Open geohci opened 2 years ago
This also causes issues when e.g., a template is moved within text and the tree differ ascribes the changes to the text and not the template. Then when the text post-processing is done, no changes are detected.
Example test that fails because no changes are detected by the differ:
def test_move_template():
curr_wikitext = prev_wikitext.replace('\n{{Use dmy dates|date=April 2017}}',
'{{Use dmy dates|date=April 2017}}\n',
1)
expected_changes = {'Template':{'move':1}}
diff = get_diff(prev_wikitext, curr_wikitext, lang='en')

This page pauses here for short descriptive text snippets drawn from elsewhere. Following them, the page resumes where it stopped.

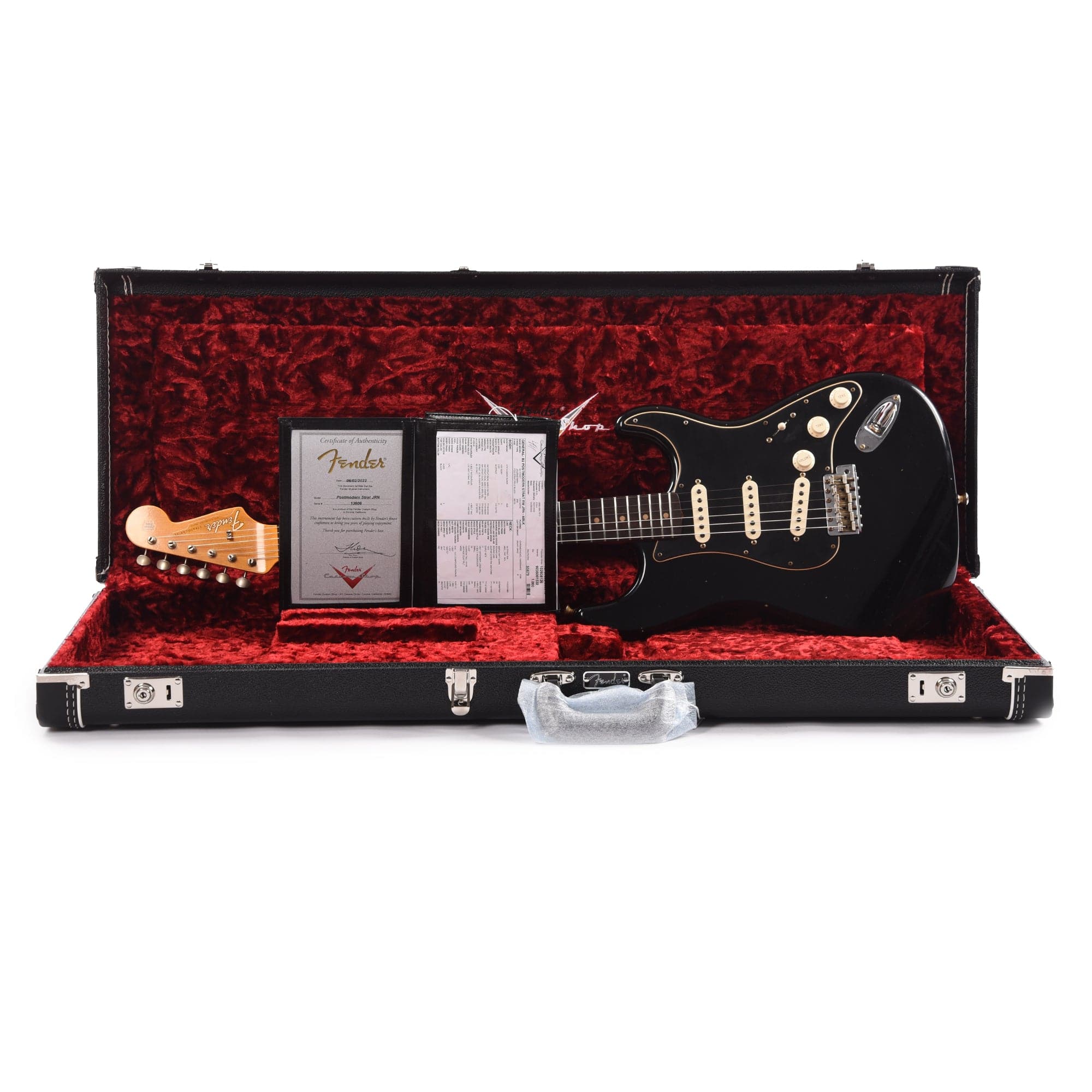 Fender Custom Shop Postmodern Stratocaster Journeyman Relic Aged Black Electric Guitars / Solid Body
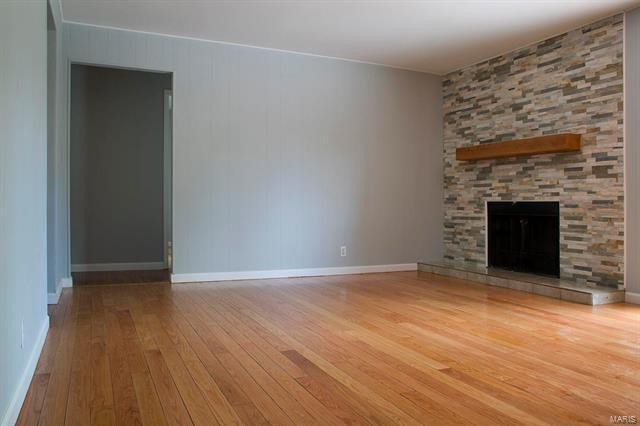 Building Photo - 2908 Castleford Dr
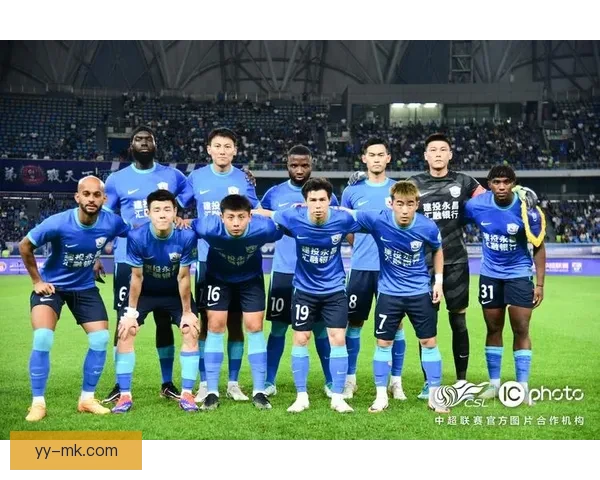 埃杜·加西亚在深圳新鹏城前场既能得分又能回撤组织进攻全面发挥作用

assert expected_changes == nd.get_diff_count(diff)
Or this diff which falsely assumes the References section was removed: https://wiki-topic.toolforge.org/diff-tagging?lang=simple&revid=7992487
Probably I need an attribute on nodes that is like 'removable' that I set to false for sections that exist unchanged in both revisions.
In edits where there are numerous possibilities for how to account for the changes, the tree differ doesn't always land on the solution that makes the most sense to me.
Example: https://wiki-topic.toolforge.org/diff-tagging?lang=en&revid=1051321835 The counts actually seem right but in fact the tree differ has decided the
{{For...}}}
template moved as can be seen in the intermediate diff: https://edit-types.wmcloud.org/api/v1/diff?lang=en&revid=1051321835The Mediawiki differ got this one correct (I would say -- actually no right answer here). One possibility is that we could an additional cost to changes for nodes that have an exact match between revisions to discourage "changes" or "moves" in nodes that were not actually edited. I'll have to explore what impact that would have. I think it would be relatively cheap to implement at least.